# [Problem to work on]
Among the lines of the listing below, retype exactly those from the one containing "Number 5: Sustain." through the one containing "Eyes are pretty", both included. Do not include pictures.

# [Records for this task]
^^^^^^^^^^^^^^^^

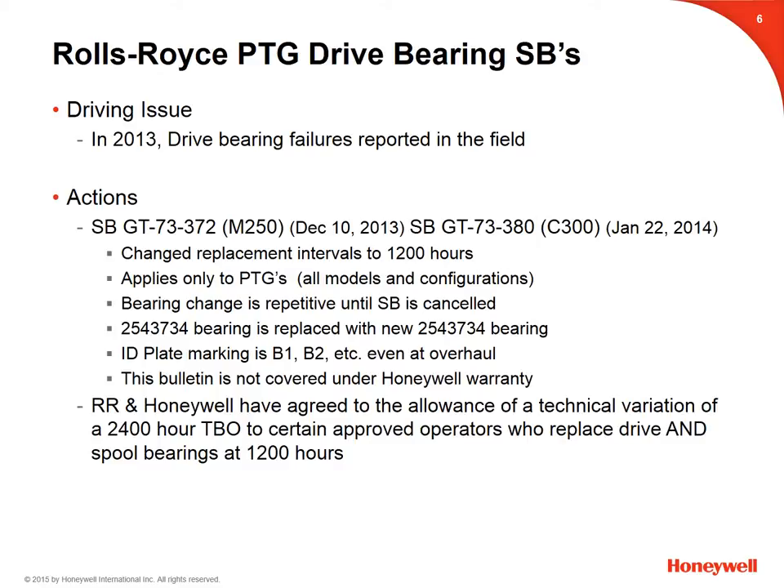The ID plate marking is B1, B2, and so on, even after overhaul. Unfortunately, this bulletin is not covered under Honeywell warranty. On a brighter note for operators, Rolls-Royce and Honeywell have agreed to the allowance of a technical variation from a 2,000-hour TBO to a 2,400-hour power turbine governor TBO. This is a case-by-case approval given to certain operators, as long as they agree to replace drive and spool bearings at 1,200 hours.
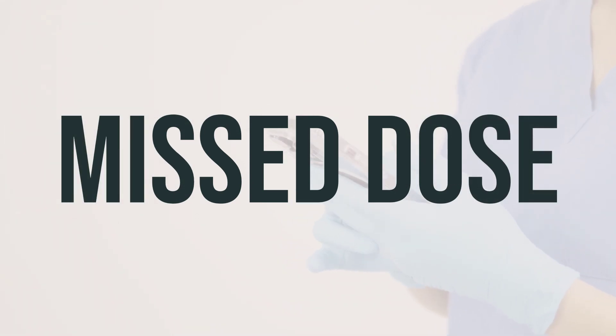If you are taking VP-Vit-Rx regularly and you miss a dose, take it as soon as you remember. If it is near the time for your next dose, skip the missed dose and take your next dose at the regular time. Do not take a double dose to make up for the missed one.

^^^^^^^^^^^^^^^^

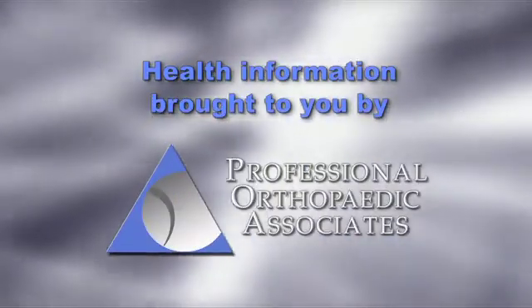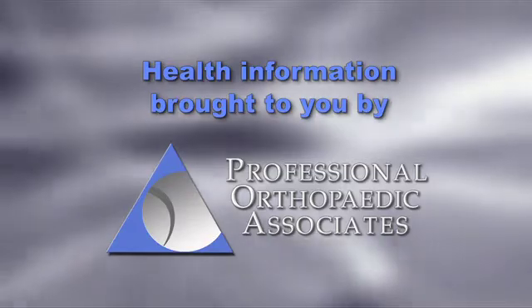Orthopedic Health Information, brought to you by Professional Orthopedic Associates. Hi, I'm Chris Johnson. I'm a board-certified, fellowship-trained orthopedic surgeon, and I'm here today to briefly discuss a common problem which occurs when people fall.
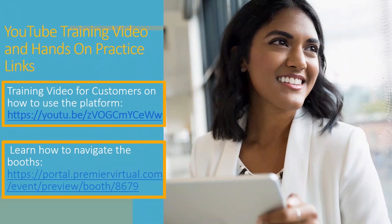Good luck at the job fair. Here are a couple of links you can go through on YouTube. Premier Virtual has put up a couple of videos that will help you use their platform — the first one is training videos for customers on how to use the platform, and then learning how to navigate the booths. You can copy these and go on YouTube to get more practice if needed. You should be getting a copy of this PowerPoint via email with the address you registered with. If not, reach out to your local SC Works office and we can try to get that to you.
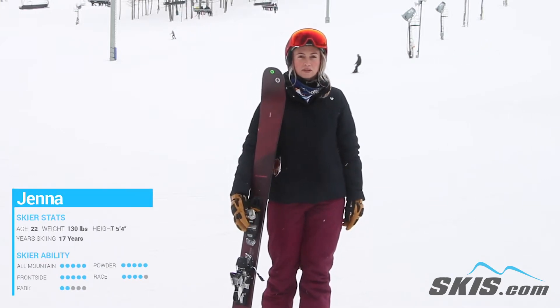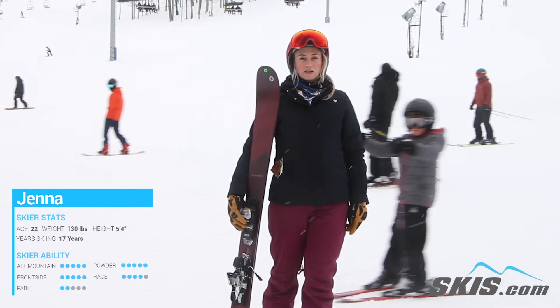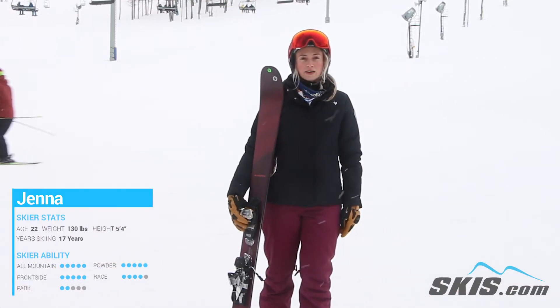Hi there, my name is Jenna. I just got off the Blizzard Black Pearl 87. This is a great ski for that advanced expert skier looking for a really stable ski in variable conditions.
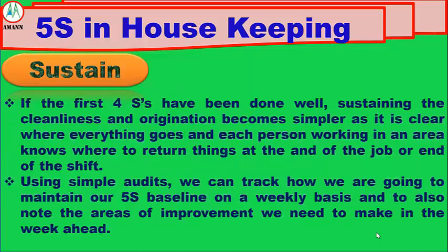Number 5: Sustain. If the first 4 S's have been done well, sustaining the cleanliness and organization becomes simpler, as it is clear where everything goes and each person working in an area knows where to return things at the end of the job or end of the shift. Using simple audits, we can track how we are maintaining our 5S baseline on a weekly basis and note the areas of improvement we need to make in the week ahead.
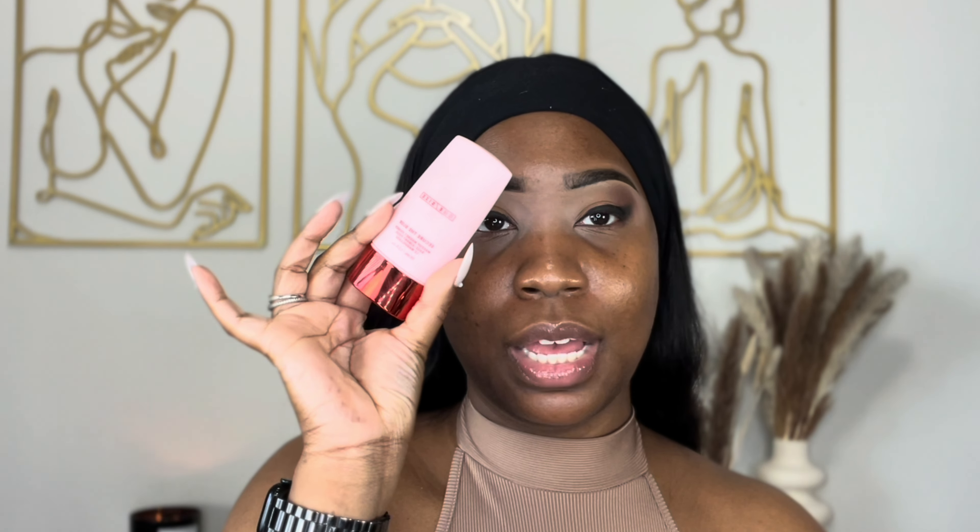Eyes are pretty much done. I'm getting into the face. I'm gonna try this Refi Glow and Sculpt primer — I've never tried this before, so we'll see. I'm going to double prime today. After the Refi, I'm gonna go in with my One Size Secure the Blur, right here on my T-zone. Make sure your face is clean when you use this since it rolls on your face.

^^^^^^^^^^^^^^^^

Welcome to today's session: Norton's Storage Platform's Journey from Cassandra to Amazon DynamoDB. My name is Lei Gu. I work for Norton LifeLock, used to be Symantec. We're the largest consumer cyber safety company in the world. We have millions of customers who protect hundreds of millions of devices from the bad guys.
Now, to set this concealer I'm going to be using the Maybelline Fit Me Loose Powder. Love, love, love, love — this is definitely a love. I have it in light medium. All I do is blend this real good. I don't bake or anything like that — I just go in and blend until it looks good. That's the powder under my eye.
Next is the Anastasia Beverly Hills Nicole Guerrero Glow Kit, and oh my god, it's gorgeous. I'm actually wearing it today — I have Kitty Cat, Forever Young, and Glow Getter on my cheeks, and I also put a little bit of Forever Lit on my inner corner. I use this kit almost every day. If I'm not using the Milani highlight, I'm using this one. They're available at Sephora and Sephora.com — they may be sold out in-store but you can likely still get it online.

^^^^^^^^^^^^^^^^

# [Task result]
Number 5: Sustain. If the first 4 S's have been done well, sustaining the cleanliness and organization becomes simpler, as it is clear where everything goes and each person working in an area knows where to return things at the end of the job or end of the shift. Using simple audits, we can track how we are maintaining our 5S baseline on a weekly basis and note the areas of improvement we need to make in the week ahead.
Eyes are pretty much done. I'm getting into the face. I'm gonna try this Refi Glow and Sculpt primer — I've never tried this before, so we'll see. I'm going to double prime today. After the Refi, I'm gonna go in with my One Size Secure the Blur, right here on my T-zone. Make sure your face is clean when you use this since it rolls on your face.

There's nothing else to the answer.